Sigmund Freud (1920/1955) was the first to define the term “psychic injury” by analogy to physical injury. Freud described psychic trauma as an event that “penetrates a kind of mental skin designed to protect a person from excessive external forces; trauma [is] essentially a ‘breach in an otherwise effective barrier’ ” (Brewin, 2003, p. 4). The breach is the result not only of the strength and impact of the external force, but of the inability of the organism or affected area to deflect, absorb, neutralize, or compensate for the injury.
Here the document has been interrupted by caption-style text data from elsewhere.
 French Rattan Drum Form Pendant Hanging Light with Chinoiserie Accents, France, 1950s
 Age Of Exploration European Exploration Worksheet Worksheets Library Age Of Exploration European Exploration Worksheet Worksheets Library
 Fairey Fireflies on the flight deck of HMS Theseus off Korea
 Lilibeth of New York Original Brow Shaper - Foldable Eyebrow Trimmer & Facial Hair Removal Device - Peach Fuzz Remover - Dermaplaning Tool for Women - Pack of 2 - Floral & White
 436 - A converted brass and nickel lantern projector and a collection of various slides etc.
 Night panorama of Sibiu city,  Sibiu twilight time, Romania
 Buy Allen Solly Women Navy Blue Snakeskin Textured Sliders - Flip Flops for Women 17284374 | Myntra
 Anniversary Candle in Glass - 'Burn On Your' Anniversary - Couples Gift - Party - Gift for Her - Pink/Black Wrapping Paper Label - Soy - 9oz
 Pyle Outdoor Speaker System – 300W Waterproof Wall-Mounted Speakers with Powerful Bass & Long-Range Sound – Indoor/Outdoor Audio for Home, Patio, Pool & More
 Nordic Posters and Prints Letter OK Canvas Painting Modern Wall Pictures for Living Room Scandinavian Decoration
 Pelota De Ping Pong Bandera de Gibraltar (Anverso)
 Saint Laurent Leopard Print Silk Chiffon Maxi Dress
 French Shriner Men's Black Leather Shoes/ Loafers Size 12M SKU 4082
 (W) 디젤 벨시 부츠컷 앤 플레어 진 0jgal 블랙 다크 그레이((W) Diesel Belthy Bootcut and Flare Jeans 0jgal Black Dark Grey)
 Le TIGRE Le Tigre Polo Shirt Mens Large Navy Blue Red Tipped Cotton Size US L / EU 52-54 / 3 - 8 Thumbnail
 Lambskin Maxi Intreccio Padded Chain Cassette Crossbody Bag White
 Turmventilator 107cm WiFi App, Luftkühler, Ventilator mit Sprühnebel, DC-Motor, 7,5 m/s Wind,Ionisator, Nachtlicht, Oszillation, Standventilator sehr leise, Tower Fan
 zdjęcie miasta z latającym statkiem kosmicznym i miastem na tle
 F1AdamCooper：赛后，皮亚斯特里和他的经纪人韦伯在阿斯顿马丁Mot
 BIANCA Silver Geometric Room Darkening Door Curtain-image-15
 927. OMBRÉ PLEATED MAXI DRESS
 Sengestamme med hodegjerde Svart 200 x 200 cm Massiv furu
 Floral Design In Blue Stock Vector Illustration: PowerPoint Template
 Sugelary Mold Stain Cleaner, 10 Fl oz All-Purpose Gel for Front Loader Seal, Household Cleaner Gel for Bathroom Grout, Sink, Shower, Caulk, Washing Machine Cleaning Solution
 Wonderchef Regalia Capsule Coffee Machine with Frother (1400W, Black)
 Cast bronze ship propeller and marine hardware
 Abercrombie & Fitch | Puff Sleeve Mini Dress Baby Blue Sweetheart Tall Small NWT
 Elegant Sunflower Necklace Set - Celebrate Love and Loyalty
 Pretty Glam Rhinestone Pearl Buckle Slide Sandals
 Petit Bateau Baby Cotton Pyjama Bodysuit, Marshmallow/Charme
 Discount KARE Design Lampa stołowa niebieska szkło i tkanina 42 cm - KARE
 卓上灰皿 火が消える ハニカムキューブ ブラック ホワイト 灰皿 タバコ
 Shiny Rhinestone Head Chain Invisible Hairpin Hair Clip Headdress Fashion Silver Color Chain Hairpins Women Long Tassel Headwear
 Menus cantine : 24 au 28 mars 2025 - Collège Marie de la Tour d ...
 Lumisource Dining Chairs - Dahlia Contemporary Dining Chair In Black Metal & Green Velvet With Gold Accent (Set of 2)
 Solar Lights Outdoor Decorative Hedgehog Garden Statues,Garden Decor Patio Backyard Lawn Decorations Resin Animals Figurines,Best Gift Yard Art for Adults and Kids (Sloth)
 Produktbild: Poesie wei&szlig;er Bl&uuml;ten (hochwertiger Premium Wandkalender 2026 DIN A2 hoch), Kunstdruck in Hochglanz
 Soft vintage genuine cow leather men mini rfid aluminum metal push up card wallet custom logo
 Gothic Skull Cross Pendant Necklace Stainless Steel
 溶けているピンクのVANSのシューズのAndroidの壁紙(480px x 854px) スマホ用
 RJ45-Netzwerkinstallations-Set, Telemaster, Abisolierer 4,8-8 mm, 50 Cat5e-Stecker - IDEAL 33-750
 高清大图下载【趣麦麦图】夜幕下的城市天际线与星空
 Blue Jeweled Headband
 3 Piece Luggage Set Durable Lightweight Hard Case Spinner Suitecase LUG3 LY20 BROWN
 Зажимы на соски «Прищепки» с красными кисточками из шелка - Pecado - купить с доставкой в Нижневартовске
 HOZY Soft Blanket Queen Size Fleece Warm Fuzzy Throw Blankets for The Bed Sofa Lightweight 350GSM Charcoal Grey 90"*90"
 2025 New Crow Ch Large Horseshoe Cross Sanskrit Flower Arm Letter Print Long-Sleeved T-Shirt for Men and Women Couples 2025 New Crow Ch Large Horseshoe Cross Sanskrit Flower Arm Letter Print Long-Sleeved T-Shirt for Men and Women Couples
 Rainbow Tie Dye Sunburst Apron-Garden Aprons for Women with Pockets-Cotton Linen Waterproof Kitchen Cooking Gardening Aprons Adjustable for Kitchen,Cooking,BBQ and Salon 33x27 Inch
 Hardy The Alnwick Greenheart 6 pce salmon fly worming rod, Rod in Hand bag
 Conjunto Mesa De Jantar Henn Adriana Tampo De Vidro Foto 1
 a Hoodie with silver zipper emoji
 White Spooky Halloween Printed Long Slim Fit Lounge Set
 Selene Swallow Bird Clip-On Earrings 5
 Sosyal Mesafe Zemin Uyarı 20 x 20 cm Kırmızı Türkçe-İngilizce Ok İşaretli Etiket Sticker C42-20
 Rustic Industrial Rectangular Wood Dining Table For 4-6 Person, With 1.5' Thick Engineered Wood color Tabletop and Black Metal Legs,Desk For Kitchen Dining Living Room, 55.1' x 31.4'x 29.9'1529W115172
Following this analogy, we describe PSYCHOLOGICAL TRAUMA as a circumstance in which an event overwhelms or exceeds a person’s capacity to protect their psychic well-being and integrity.
It is a collision between an event and a person’s resources, where the power of the event is greater than the resources available for effective response and recovery. Deterioration in functioning occurs, and intervention or resources beyond those that are required for recovery. Psychological trauma, like physical trauma, represents a complex relationship between an event and a response. The objective characteristics of a potentially traumatic event can be quantified, ie we can measure its strength or power, but the IMPACT of the event cannot be determined without taking into account the resources and vulnerabilities of the particular individual who sustains the injury.